Qualcomm (NASDAQ:QCOM) spent $1.15 billion to buy out the remainder of its partnership with Japan-based TDK Corporation (OTCMKTS:TTDKY). This takeover probably will not offer an immediate benefit to QCOM stock.
The alliance, valued at a total of $3.1 billion, produced RF front-end filters for 4G or 5G RFFE. Moreover, the company faces three significant threats that likely hold down the value of QCOM. However, this partnership involves one of the three factors that can help to negate these threats, and could even make Qualcomm stock a buy amid intense uncertainty.
The Three Threats
Continuing lawsuits with Apple (NASDAQ:AAPL) has weighed on QCOM stock for years. Just when the company settled with Apple, new legal scrutiny has come as the San Diego-based chipmaker faces a judgment in its lawsuit with the Federal Trade Commission.

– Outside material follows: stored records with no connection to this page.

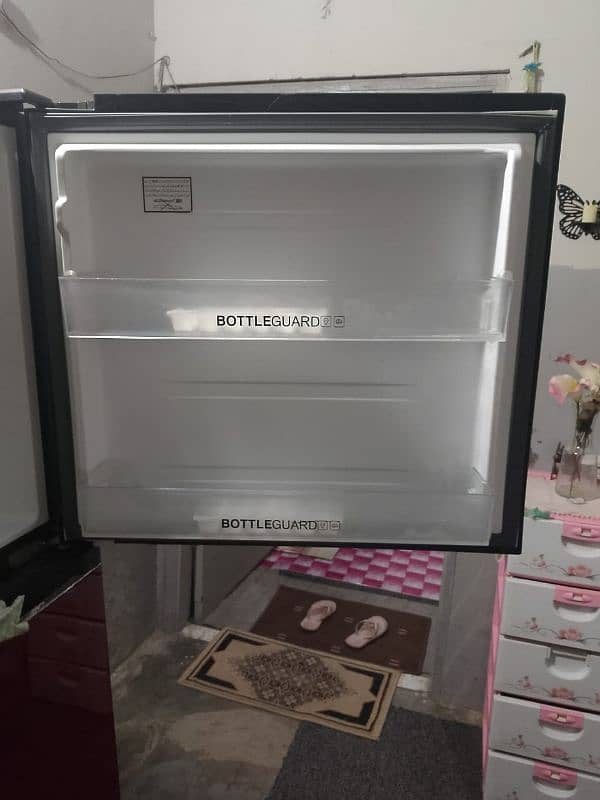 Haier Refrigerator HRF-368 2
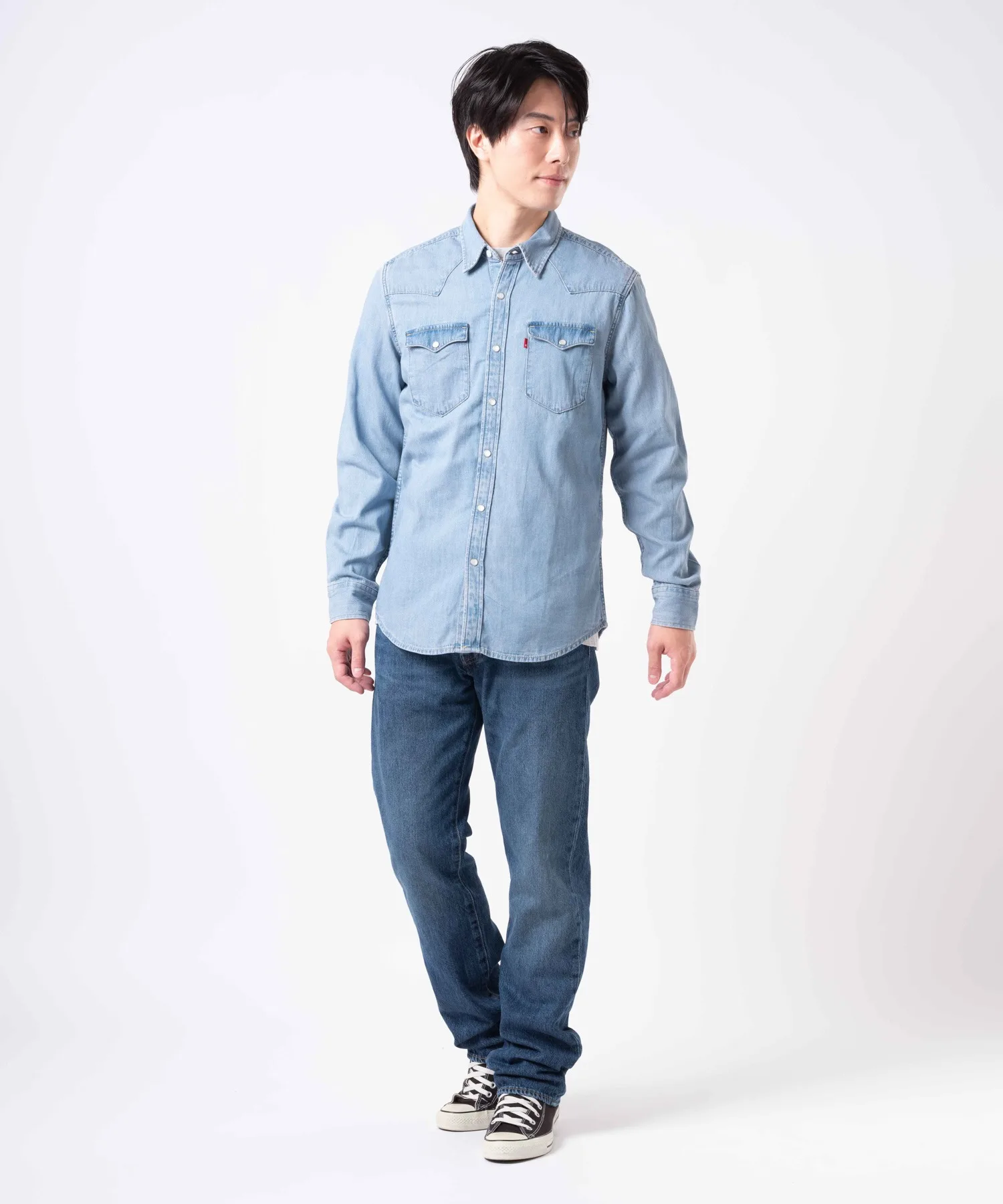 Мужская рубашка джинсовая классическая Levi's Western Shirt светло-индиго — фото 4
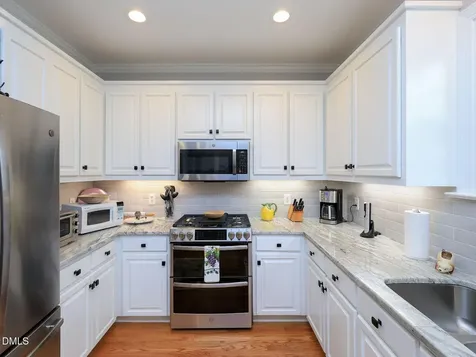 4333 Glen Erin Way Raleigh NC 27613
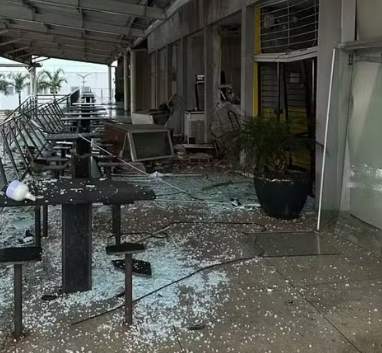 Explosão em rodoviária destrói lanchonete e deixa três pessoas feridas, em Goiás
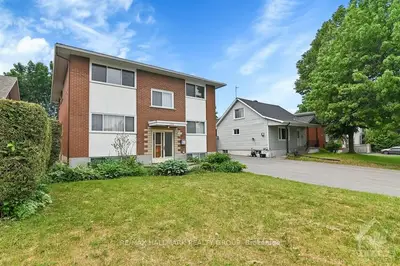 1048 RICHARD Avenue, Billings Bridge - Riverside Park and Area, ON K1H 8C4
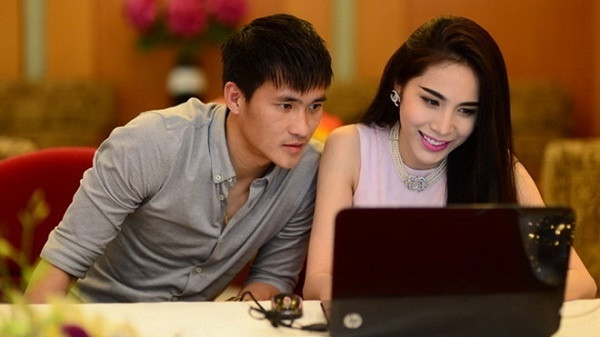 Những cặp đôi “gương vỡ lại lành”, kết thúc có hậu trong showbiz Việt ảnh 7 Những cặp đôi gương vỡ lại lành và có happy - ending trong Vbiz
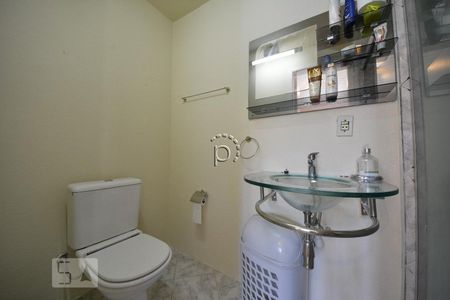 Banheiro de casa de condomínio à venda com 4 quartos, 177m² em Ipanema, Porto Alegre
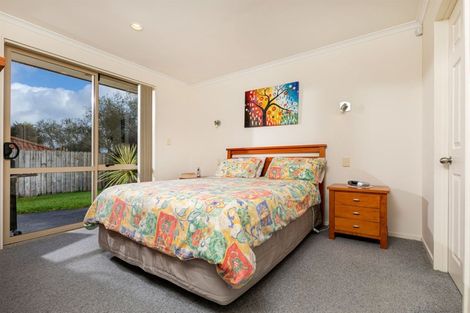 Photo of property in 27 View Ridge Drive, Ranui, Auckland, 0612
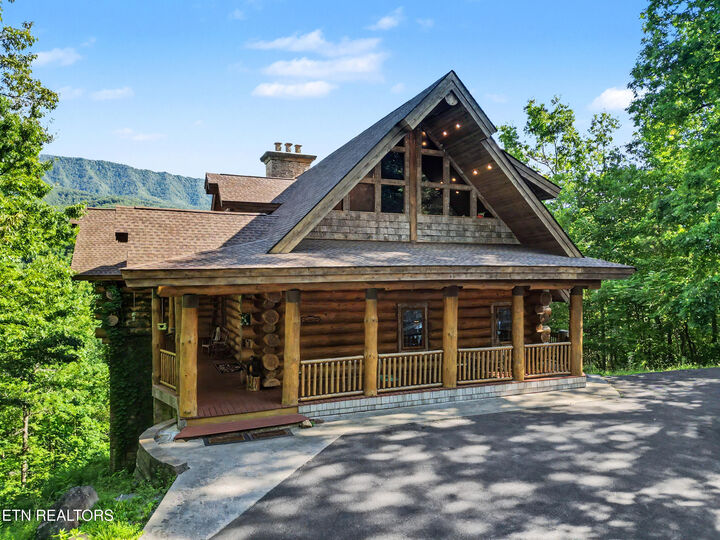 Property Photo:  213 Matterhorn Drive  TN 37738 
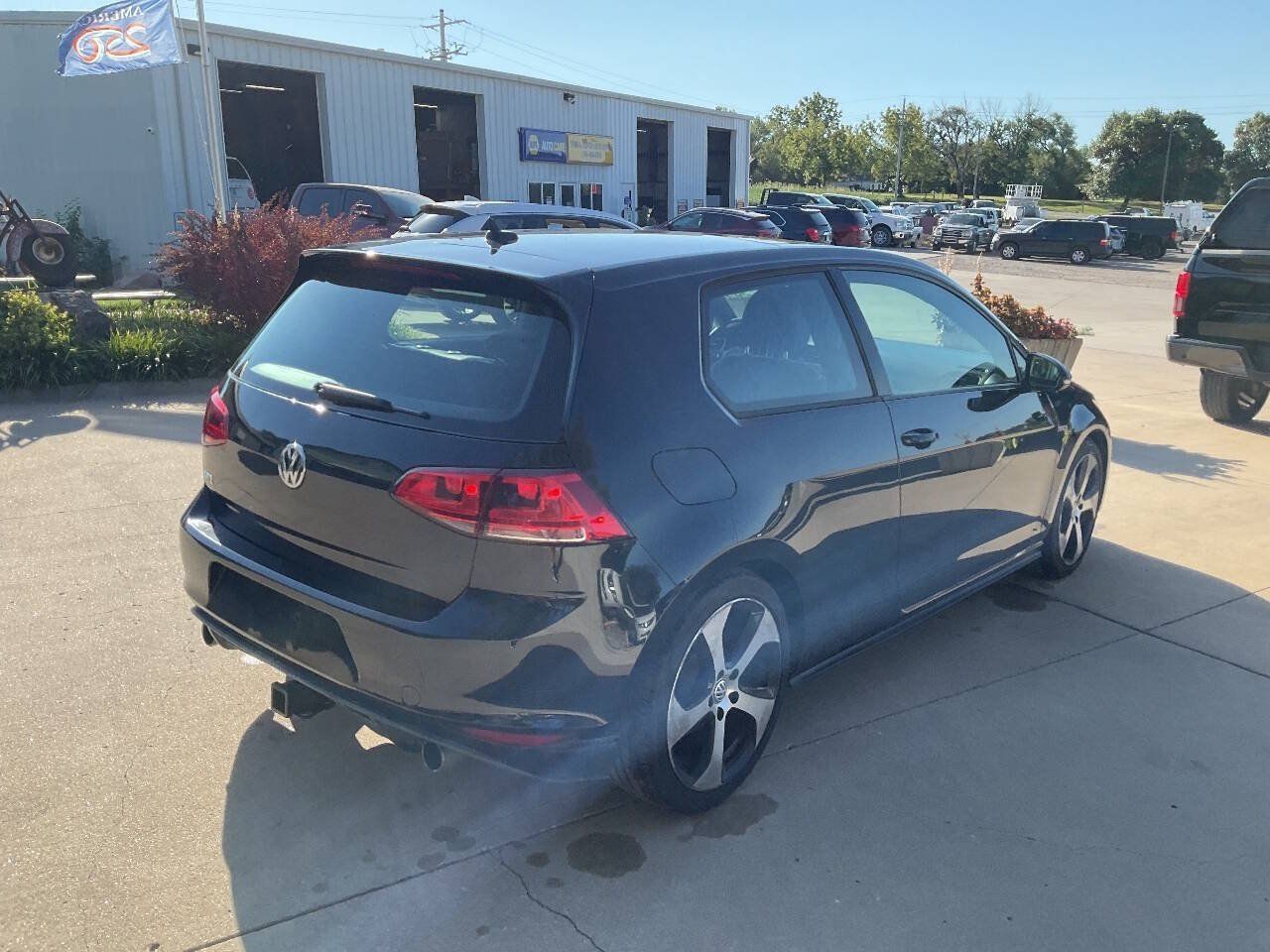 Used 2015 Volkswagen GTI SE FWD image 8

For now, Qualcomm has won a partial stay on enforcing the ruling. However, if QCOM were to lose, they would likely have to renegotiate contracts on chipsets, possibly cutting into their profits.

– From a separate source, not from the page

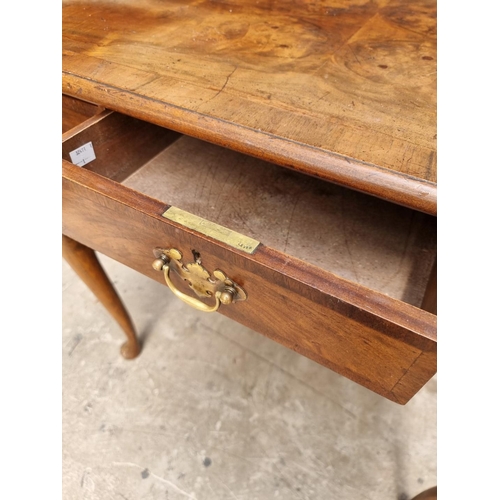 1101 - An 18th century style walnut and crossbanded kneehole table, on cabriole legs, 73cm wide.... 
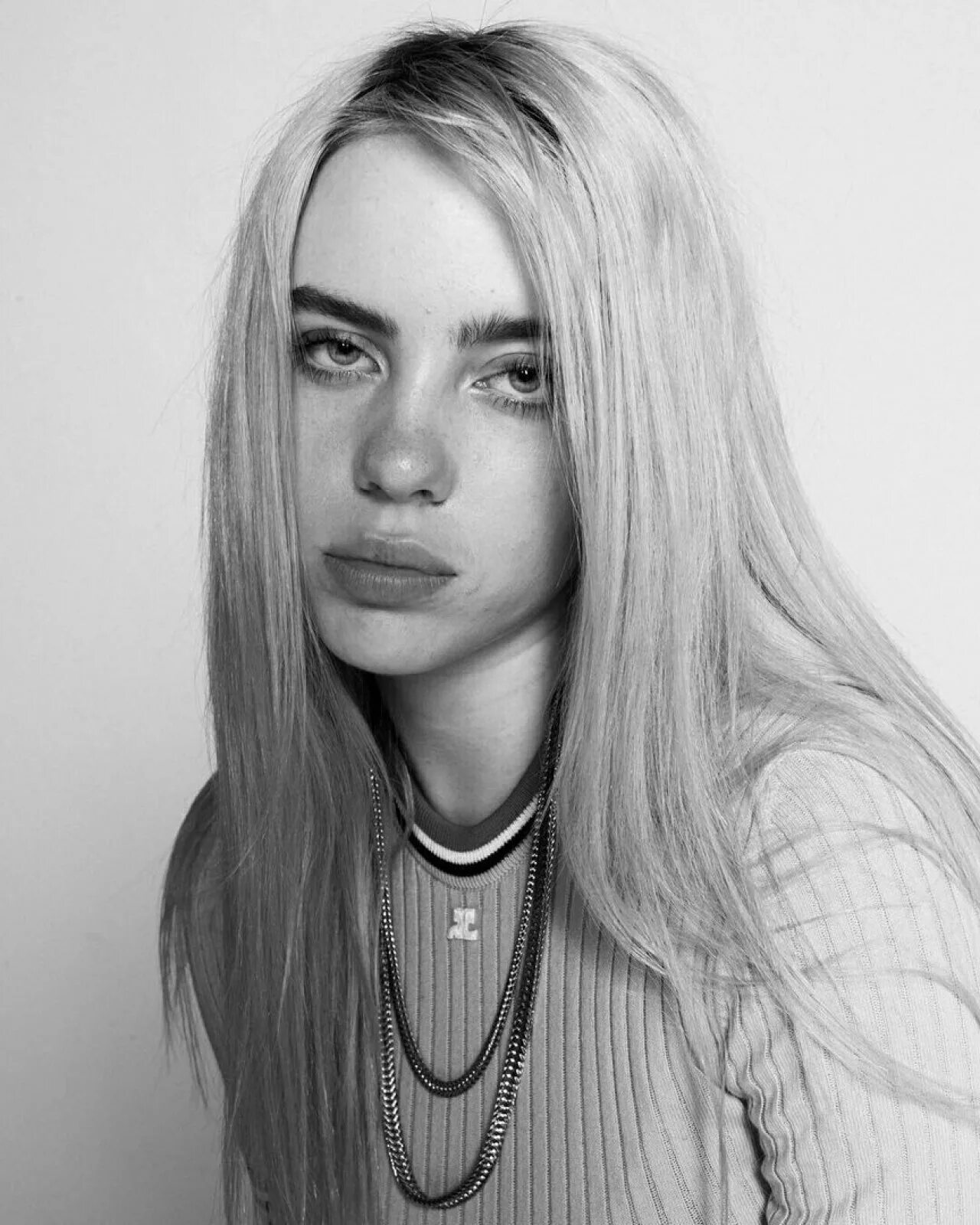 Билли айлиш фото. Bellyache билли айлиш. Billie eilish 2020 портрет. Билли айлиш чб. Bli ailash.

Secondly, China. The People’s Republic accounted for around two-thirds of revenue for Qualcomm in 2018. The U.S.-China trade war certainly presents issues. To have so much of one’s revenue dependent on geopolitical events beyond its control could significantly hurt revenues.

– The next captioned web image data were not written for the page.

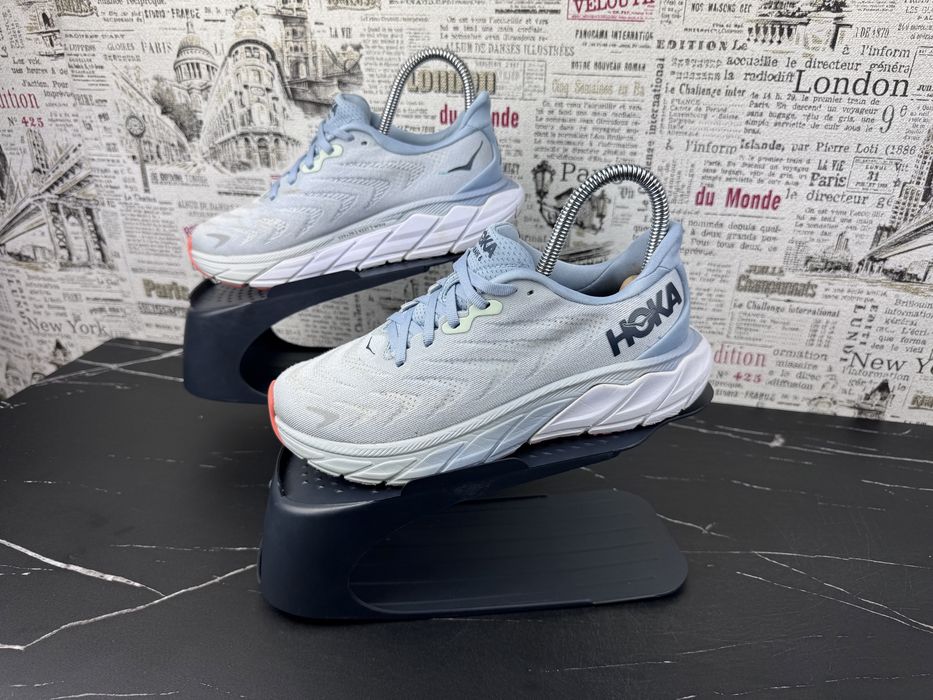 Оригінал Кросівки Hoka One One Arahi 6 Розмір 36.5 Взуття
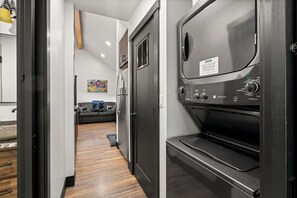 Interior - `Wilderness Lodge` 1 bedroom cabin in the woods (Leavenworth)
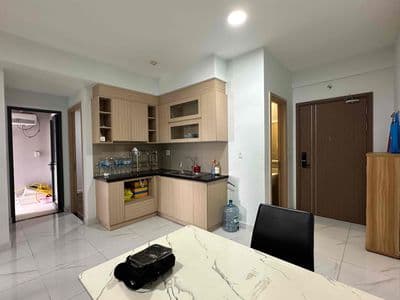 Cho thuê căn hộ 2pn- 65m2 - nội thất sẵn- giao nhà ngay.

It could also lead to a potential competitor emerging if the dispute ultimately reduces or completely cuts off access in a worst-case scenario.
Third, though this attracts surprisingly infrequent mention, the chart on QCOM stock looks ugly. It has traded in a range that has kept it between $45 per share and $90 per share for almost nine years. At the current $78 per share, it trades toward the high end of the range. Also, it has not yet surpassed the $100 per share top it saw in January 2000.
Three Reasons to Ignore the Threats
To be sure, investors need to consider both the lawsuits and the trading history when considering a position in QCOM. That said, investors should also consider the positives. As discouraging as the problems appear, the reasons to overlook the issues with QCOM may look even more compelling.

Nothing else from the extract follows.